Short descriptive text snippets:
---+---

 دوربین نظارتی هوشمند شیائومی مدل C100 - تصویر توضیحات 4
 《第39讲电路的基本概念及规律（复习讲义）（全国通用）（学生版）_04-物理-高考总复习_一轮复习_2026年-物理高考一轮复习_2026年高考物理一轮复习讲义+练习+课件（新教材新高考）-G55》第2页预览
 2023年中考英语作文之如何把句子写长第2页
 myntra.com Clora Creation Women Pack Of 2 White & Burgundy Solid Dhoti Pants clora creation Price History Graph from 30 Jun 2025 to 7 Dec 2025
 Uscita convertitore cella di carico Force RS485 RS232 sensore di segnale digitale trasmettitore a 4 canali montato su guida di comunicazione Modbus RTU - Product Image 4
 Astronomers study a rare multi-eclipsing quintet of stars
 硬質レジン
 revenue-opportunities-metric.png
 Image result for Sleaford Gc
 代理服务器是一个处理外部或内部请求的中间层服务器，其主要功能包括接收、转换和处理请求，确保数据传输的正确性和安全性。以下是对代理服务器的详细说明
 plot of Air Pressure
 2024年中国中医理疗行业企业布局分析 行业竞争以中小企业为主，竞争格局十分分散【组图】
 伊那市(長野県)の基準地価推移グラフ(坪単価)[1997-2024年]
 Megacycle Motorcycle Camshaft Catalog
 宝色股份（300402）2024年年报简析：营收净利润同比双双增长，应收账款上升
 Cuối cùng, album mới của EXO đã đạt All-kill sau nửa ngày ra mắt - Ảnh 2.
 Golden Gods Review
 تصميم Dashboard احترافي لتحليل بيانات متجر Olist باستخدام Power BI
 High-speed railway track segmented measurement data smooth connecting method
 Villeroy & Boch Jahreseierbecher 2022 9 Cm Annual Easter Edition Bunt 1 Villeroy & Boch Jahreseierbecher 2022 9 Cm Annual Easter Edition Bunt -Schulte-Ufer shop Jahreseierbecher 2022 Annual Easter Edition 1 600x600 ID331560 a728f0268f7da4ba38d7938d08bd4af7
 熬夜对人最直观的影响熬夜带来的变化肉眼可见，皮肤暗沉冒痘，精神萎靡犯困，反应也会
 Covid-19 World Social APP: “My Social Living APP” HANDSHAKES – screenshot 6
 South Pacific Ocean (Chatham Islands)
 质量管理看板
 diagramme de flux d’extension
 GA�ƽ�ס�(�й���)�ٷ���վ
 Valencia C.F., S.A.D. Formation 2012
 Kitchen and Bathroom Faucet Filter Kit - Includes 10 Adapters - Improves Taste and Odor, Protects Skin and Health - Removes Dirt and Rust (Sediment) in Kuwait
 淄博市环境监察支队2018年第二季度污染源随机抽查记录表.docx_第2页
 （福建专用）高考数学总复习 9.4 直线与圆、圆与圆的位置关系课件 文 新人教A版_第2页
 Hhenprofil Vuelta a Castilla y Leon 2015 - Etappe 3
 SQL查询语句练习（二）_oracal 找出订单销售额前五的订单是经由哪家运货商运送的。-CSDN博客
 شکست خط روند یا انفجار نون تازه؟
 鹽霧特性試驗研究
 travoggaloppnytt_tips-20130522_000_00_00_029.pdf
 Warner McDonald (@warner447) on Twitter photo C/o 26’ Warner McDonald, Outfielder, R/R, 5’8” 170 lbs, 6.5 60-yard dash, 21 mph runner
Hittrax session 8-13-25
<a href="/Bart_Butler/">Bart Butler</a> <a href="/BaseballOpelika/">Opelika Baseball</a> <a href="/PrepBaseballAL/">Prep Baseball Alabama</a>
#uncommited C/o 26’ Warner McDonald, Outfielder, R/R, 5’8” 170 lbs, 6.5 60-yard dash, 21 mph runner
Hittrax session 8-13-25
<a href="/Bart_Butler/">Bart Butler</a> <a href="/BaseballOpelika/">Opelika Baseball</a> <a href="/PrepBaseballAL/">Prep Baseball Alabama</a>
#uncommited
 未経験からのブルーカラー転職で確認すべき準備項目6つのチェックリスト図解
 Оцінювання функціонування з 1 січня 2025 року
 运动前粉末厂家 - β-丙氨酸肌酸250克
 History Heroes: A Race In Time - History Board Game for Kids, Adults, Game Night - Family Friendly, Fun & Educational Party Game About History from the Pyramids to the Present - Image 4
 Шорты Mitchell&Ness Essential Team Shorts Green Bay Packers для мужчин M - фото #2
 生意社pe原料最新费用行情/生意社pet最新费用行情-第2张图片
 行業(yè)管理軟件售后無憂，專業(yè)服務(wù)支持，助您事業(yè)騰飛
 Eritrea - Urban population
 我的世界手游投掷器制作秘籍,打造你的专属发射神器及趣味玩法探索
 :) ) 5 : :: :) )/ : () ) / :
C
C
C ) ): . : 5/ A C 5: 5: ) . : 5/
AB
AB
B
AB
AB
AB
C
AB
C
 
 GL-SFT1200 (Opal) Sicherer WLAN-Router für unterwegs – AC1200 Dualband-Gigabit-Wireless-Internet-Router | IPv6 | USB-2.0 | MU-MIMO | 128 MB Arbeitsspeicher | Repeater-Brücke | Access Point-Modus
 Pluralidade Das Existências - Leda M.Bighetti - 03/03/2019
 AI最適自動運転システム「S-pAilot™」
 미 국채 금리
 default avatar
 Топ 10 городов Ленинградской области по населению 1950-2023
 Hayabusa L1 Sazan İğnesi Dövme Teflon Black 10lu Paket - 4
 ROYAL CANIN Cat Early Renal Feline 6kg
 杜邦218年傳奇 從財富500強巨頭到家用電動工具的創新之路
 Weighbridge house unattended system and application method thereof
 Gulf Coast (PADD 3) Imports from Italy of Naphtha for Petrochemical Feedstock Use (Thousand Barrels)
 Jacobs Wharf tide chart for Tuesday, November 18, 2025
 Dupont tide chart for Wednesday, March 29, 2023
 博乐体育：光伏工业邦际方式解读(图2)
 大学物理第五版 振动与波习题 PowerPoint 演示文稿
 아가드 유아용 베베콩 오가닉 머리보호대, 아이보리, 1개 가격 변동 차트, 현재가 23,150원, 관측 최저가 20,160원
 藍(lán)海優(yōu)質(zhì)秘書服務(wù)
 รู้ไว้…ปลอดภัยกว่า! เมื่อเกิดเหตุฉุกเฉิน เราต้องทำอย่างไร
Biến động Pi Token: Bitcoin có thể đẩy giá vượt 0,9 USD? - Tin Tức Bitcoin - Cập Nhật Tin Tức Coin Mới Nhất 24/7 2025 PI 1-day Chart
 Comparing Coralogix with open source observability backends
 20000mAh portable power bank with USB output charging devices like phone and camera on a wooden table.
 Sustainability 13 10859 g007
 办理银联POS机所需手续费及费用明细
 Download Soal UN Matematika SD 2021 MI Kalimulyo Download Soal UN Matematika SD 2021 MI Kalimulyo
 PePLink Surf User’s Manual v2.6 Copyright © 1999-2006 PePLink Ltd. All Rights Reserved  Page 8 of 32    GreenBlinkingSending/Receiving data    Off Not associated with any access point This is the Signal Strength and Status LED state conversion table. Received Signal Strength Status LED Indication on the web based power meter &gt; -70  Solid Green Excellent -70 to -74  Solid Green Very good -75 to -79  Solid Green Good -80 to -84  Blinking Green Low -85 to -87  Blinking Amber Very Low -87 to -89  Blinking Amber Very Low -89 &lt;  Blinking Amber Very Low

---+---

Of the entries listed above, reproduce only the lines starting at the line containing "直线与圆、圆与圆的位置关系课件 文 新人教A版_第2页" and ending at the line containing "运动前粉末厂家 - β-丙氨酸肌酸250克". Include both, exactly as they stand.

 （福建专用）高考数学总复习 9.4 直线与圆、圆与圆的位置关系课件 文 新人教A版_第2页
 Hhenprofil Vuelta a Castilla y Leon 2015 - Etappe 3
 SQL查询语句练习（二）_oracal 找出订单销售额前五的订单是经由哪家运货商运送的。-CSDN博客
 شکست خط روند یا انفجار نون تازه؟
 鹽霧特性試驗研究
 travoggaloppnytt_tips-20130522_000_00_00_029.pdf
 Warner McDonald (@warner447) on Twitter photo C/o 26’ Warner McDonald, Outfielder, R/R, 5’8” 170 lbs, 6.5 60-yard dash, 21 mph runner
Hittrax session 8-13-25
<a href="/Bart_Butler/">Bart Butler</a> <a href="/BaseballOpelika/">Opelika Baseball</a> <a href="/PrepBaseballAL/">Prep Baseball Alabama</a>
#uncommited C/o 26’ Warner McDonald, Outfielder, R/R, 5’8” 170 lbs, 6.5 60-yard dash, 21 mph runner
Hittrax session 8-13-25
<a href="/Bart_Butler/">Bart Butler</a> <a href="/BaseballOpelika/">Opelika Baseball</a> <a href="/PrepBaseballAL/">Prep Baseball Alabama</a>
#uncommited
 未経験からのブルーカラー転職で確認すべき準備項目6つのチェックリスト図解
 Оцінювання функціонування з 1 січня 2025 року
 运动前粉末厂家 - β-丙氨酸肌酸250克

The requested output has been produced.